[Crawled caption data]
»»
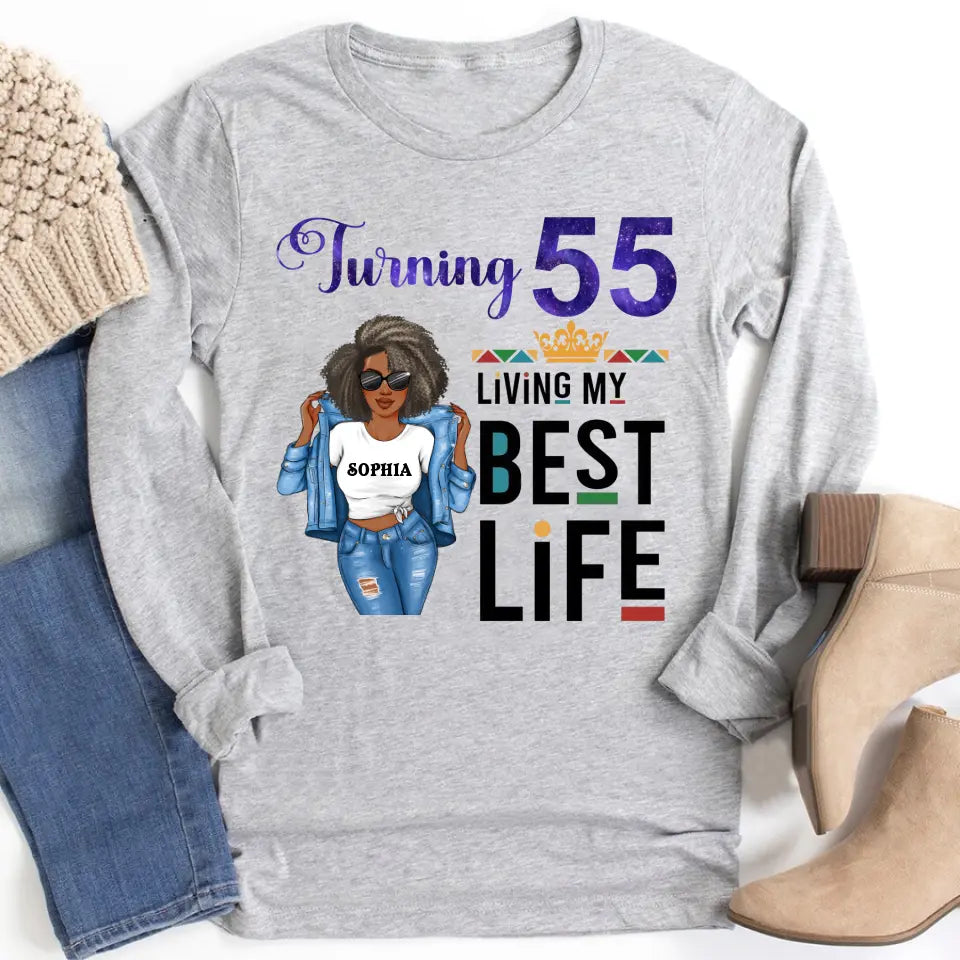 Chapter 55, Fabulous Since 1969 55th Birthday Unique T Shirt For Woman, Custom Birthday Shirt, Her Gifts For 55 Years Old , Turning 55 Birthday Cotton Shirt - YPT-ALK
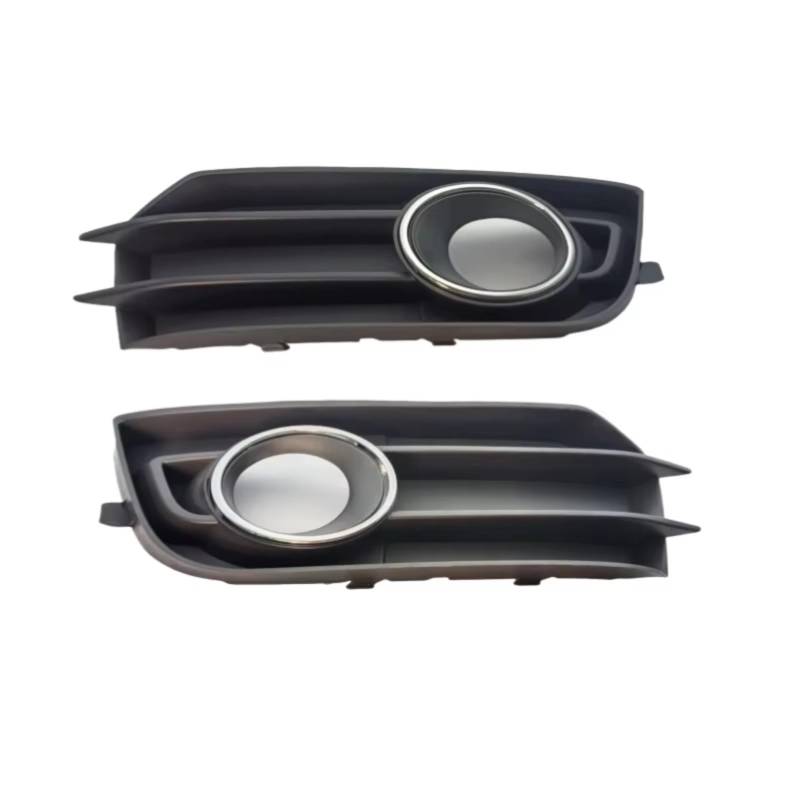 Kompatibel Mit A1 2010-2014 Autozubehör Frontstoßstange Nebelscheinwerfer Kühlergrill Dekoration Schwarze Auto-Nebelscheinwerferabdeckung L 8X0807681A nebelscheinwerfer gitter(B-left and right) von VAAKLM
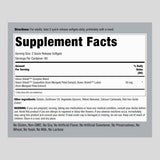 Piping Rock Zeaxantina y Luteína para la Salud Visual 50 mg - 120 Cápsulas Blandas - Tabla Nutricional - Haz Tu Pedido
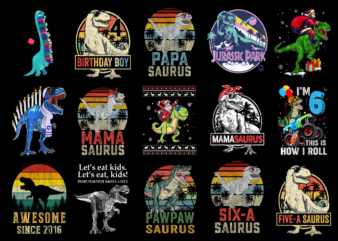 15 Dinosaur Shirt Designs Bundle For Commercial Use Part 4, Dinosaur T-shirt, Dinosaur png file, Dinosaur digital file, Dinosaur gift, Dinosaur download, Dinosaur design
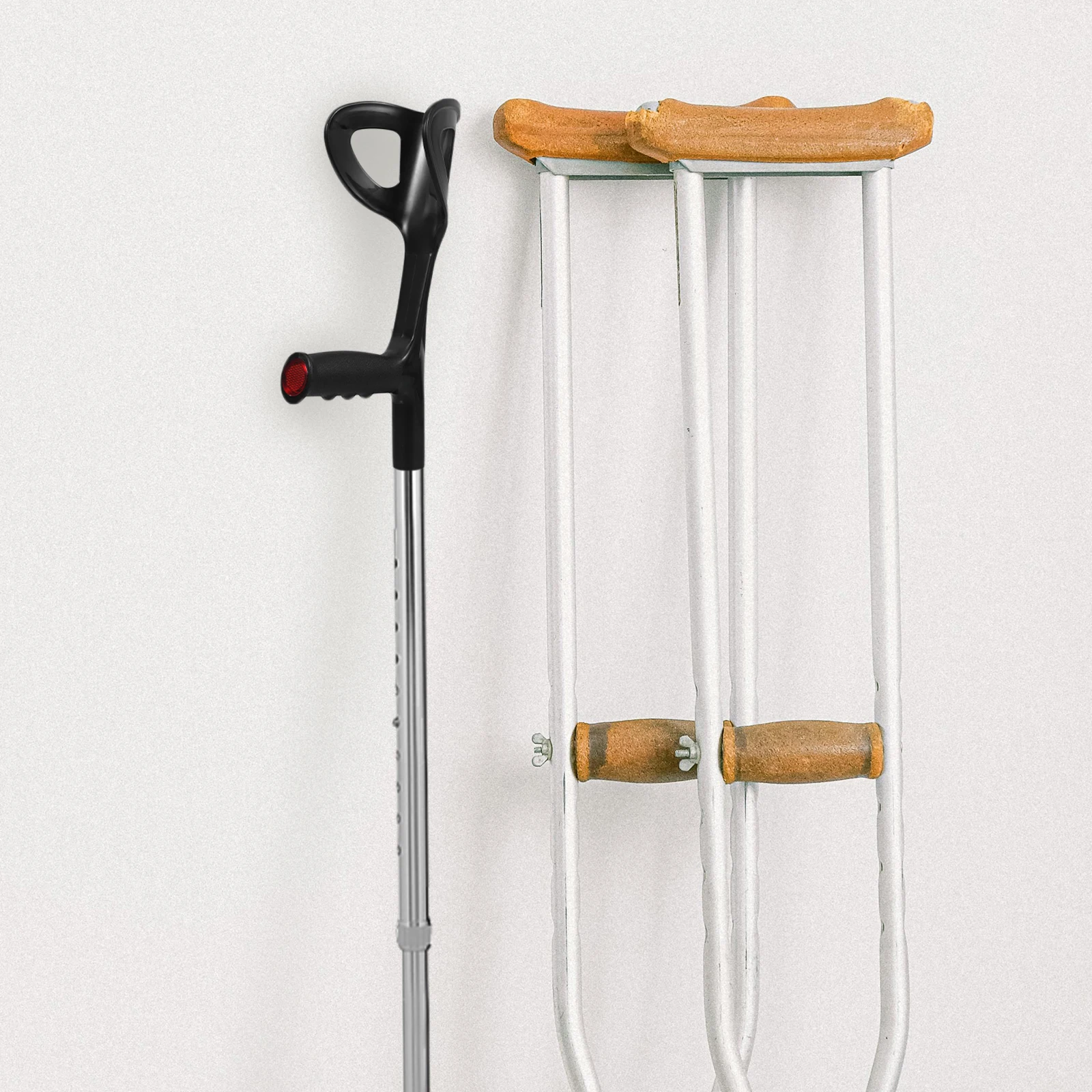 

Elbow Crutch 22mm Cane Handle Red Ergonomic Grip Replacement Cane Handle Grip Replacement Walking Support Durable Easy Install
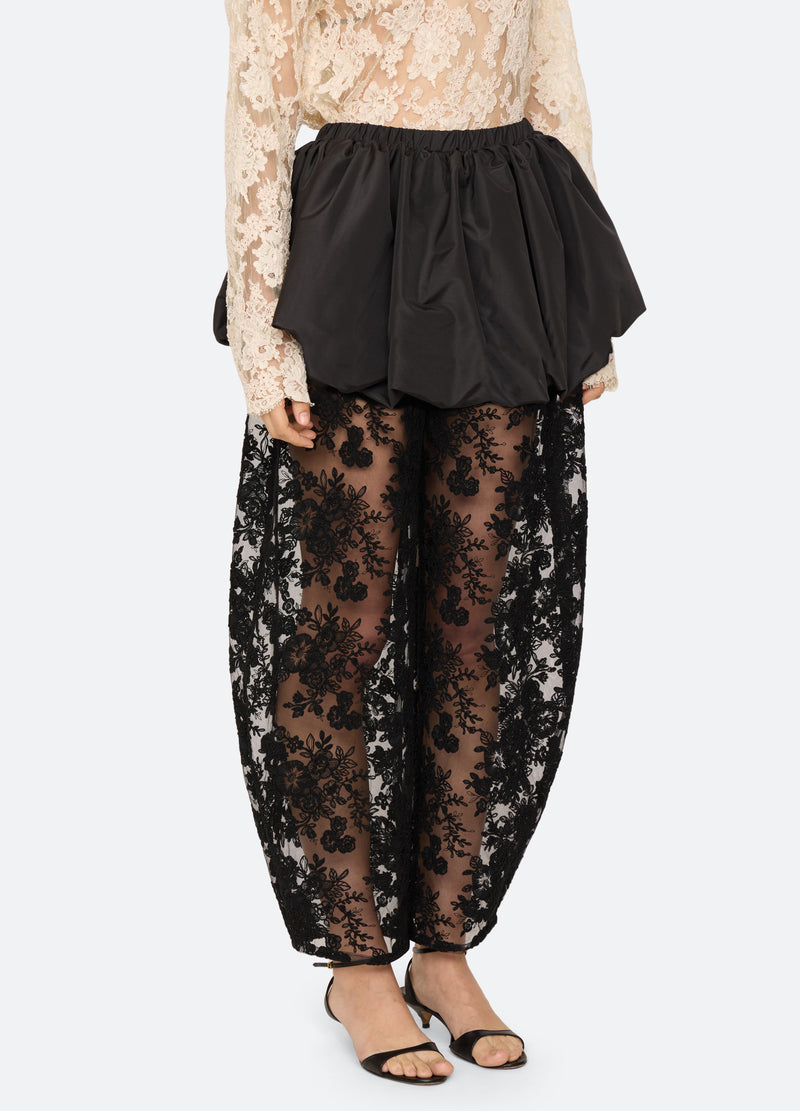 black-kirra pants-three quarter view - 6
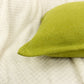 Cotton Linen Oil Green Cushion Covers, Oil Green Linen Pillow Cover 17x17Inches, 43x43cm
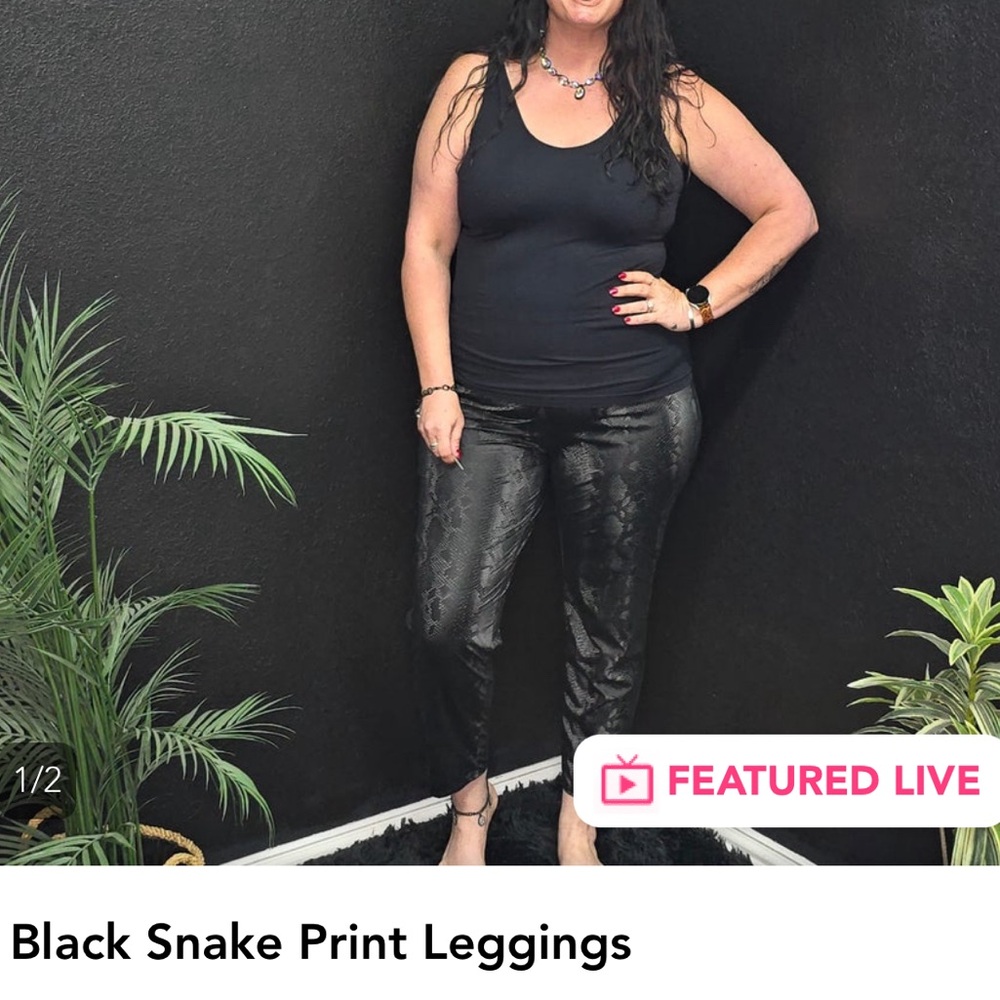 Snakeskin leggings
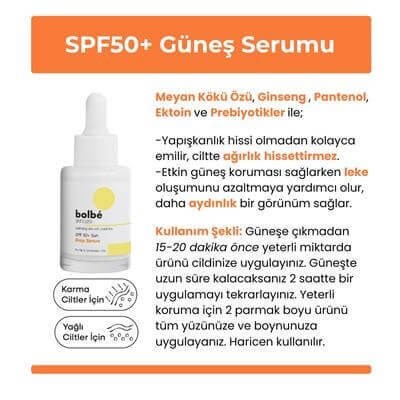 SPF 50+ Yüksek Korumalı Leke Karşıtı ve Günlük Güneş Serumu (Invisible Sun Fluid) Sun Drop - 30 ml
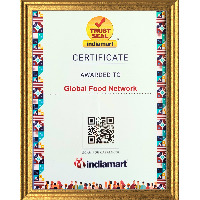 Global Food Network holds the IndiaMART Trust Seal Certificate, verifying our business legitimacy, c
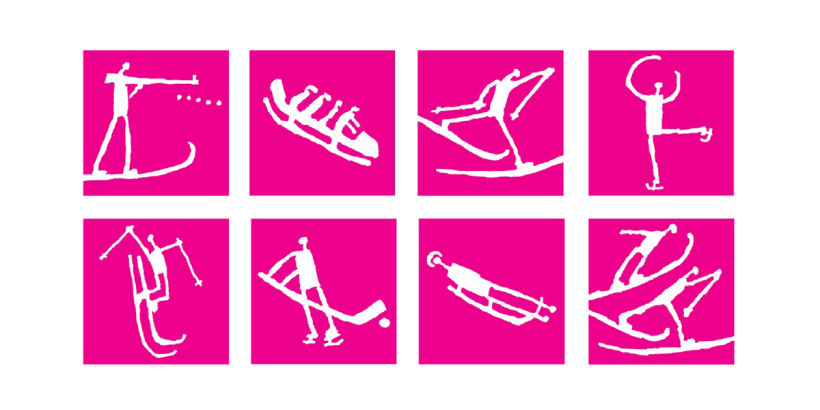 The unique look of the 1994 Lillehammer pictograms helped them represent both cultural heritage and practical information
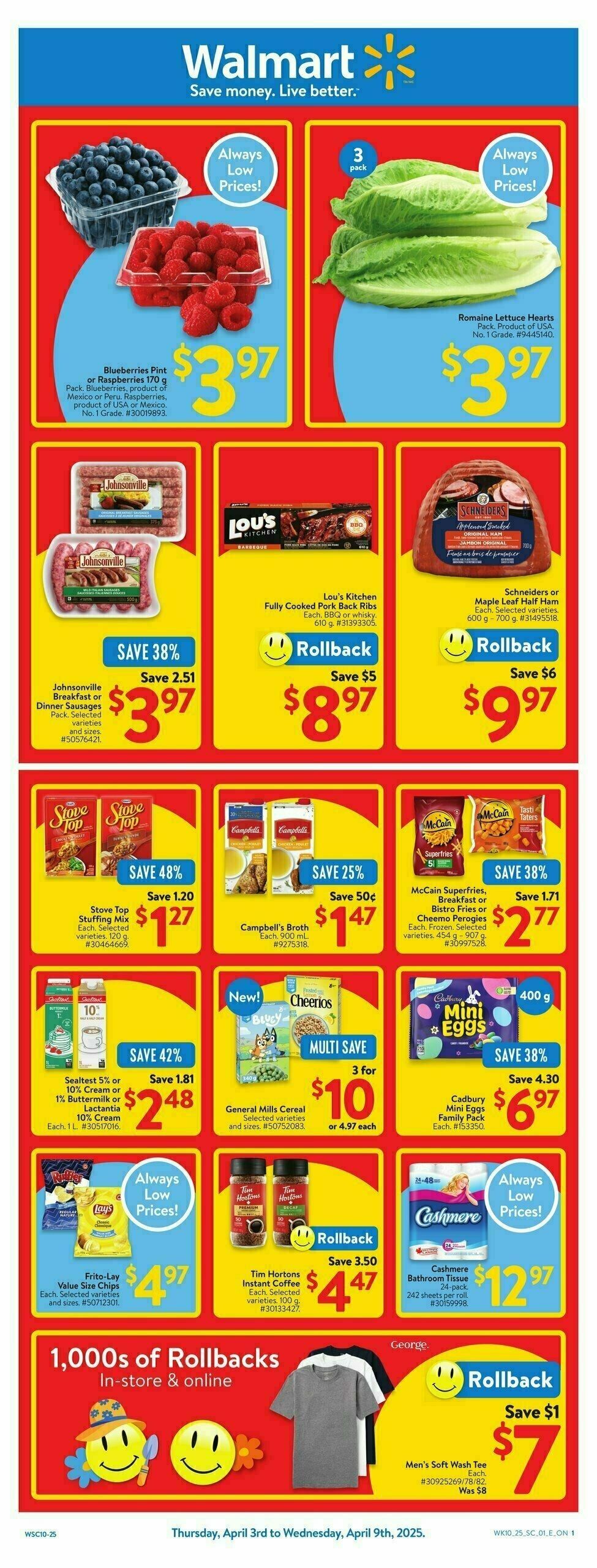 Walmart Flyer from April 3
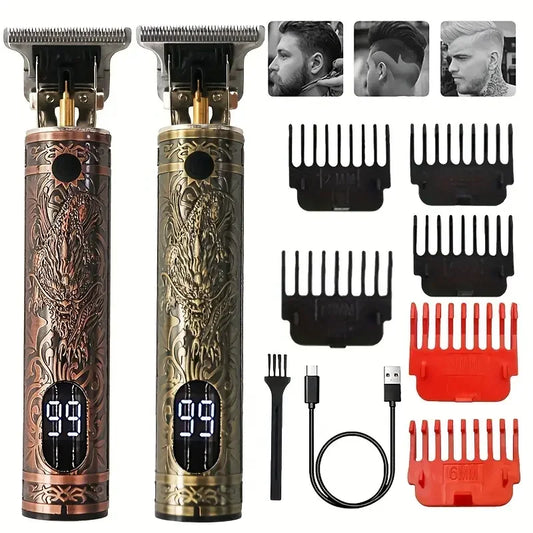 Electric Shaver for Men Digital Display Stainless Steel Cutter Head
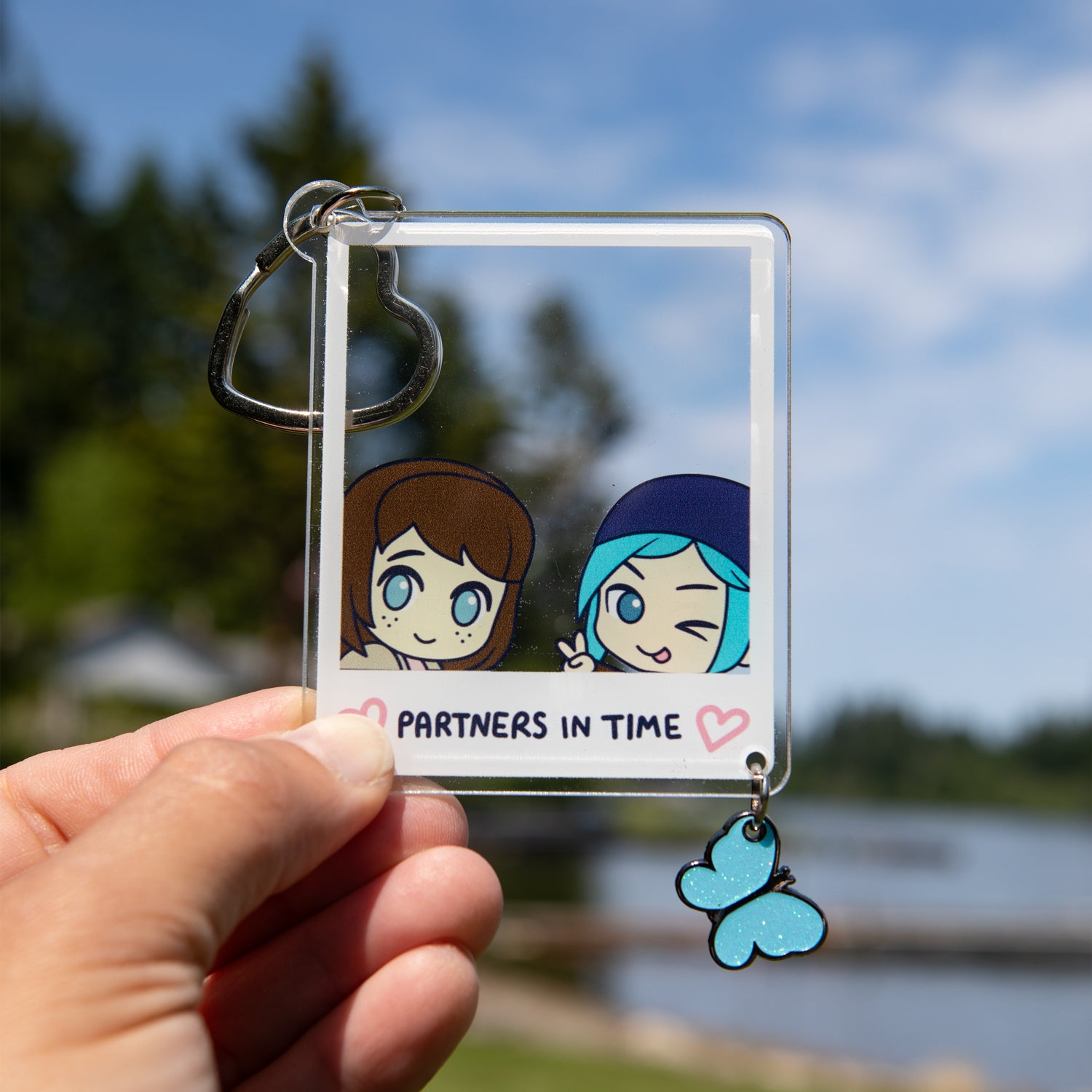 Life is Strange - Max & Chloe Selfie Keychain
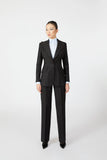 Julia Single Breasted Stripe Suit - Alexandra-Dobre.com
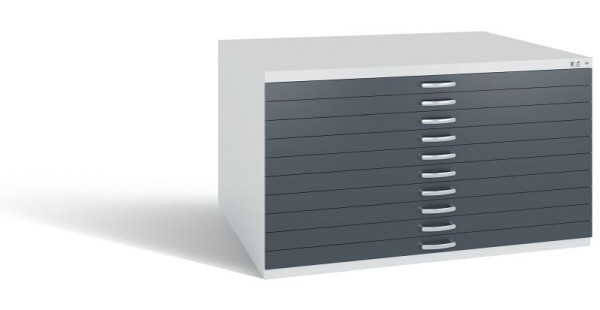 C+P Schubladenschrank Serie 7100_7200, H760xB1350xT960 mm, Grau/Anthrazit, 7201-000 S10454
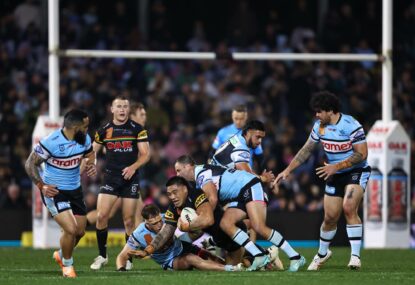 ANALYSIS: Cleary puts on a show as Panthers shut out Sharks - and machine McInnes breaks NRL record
««
### [EXERCISE REQUIREMENTS]
The data above must be written out again without alteration, and the pictures in them must be excluded.

### [COMPLETED EXERCISE]
 Chapter 55, Fabulous Since 1969 55th Birthday Unique T Shirt For Woman, Custom Birthday Shirt, Her Gifts For 55 Years Old , Turning 55 Birthday Cotton Shirt - YPT-ALK
 Kompatibel Mit A1 2010-2014 Autozubehör Frontstoßstange Nebelscheinwerfer Kühlergrill Dekoration Schwarze Auto-Nebelscheinwerferabdeckung L 8X0807681A nebelscheinwerfer gitter(B-left and right) von VAAKLM
 Piping Rock Zeaxantina y Luteína para la Salud Visual 50 mg - 120 Cápsulas Blandas - Tabla Nutricional - Haz Tu Pedido
 15 Dinosaur Shirt Designs Bundle For Commercial Use Part 4, Dinosaur T-shirt, Dinosaur png file, Dinosaur digital file, Dinosaur gift, Dinosaur download, Dinosaur design

Elbow Crutch 22mm Cane Handle Red Ergonomic Grip Replacement Cane Handle Grip Replacement Walking Support Durable Easy Install
 black-kirra pants-three quarter view - 6
 Cotton Linen Oil Green Cushion Covers, Oil Green Linen Pillow Cover 17x17Inches, 43x43cm
 Snakeskin leggings
 SPF 50+ Yüksek Korumalı Leke Karşıtı ve Günlük Güneş Serumu (Invisible Sun Fluid) Sun Drop - 30 ml
 Global Food Network holds the IndiaMART Trust Seal Certificate, verifying our business legitimacy, c
 The unique look of the 1994 Lillehammer pictograms helped them represent both cultural heritage and practical information
 Walmart Flyer from April 3
 Electric Shaver for Men Digital Display Stainless Steel Cutter Head
 Life is Strange - Max & Chloe Selfie Keychain
 Julia Single Breasted Stripe Suit - Alexandra-Dobre.com
 C+P Schubladenschrank Serie 7100_7200, H760xB1350xT960 mm, Grau/Anthrazit, 7201-000 S10454
 ANALYSIS: Cleary puts on a show as Panthers shut out Sharks - and machine McInnes breaks NRL record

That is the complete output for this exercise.